Brief descriptive captions

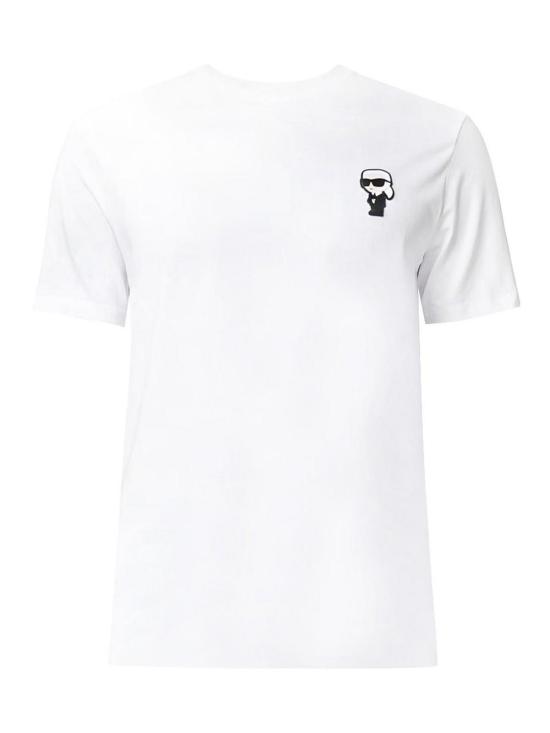  칼라거펠트 반팔 티셔츠 75502750022110 White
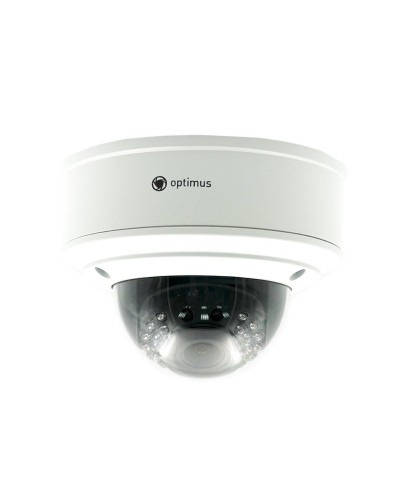 IP-E044.0(2.8-12)P_V.1. Видеокамера IP купольная. Optimus в Йошкар-Оле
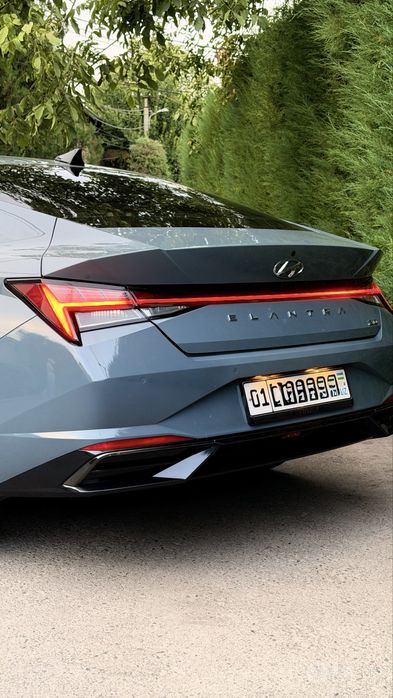 СРОЧНО!!Hyundai Elantra 2021 | 4 позиция | 46 000 км | Electric Shadow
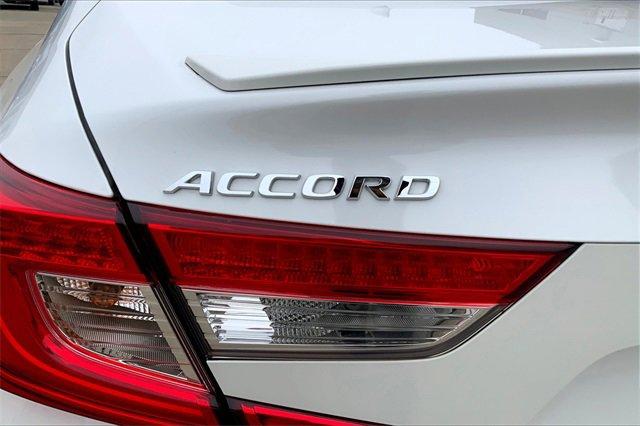 2019 Honda Accord Sedan Vehicle Photo in TOPEKA, KS 66609-0000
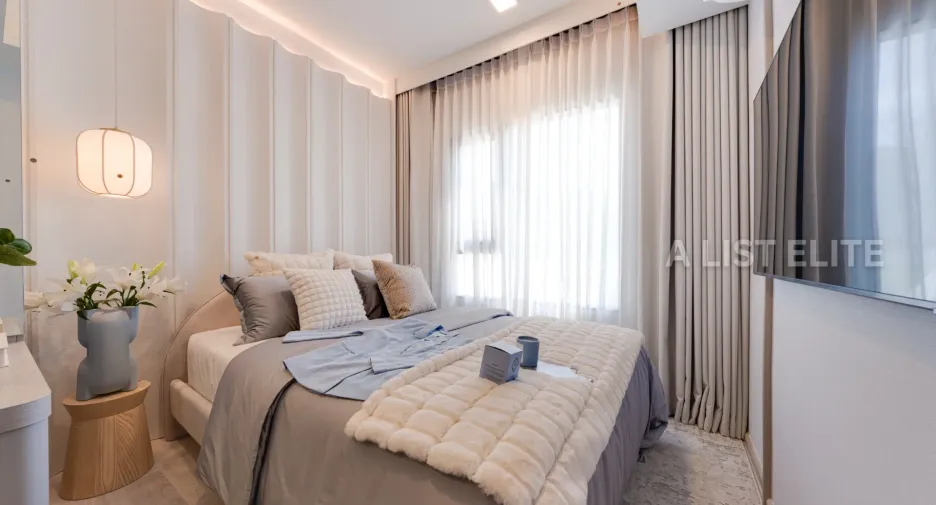 For sale 1 bed condo in Huai Khwang, Bangkok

▶ [TASK]:
Your answer must be the lines from the line containing "IP-E044.0(2.8-12)P_V.1. Видеокамера IP" through the final line of the data, written out exactly, both ends included and pictures left out.

▶ [RESULT BELOW]:
 IP-E044.0(2.8-12)P_V.1. Видеокамера IP купольная. Optimus в Йошкар-Оле
 СРОЧНО!!Hyundai Elantra 2021 | 4 позиция | 46 000 км | Electric Shadow
 2019 Honda Accord Sedan Vehicle Photo in TOPEKA, KS 66609-0000
 For sale 1 bed condo in Huai Khwang, Bangkok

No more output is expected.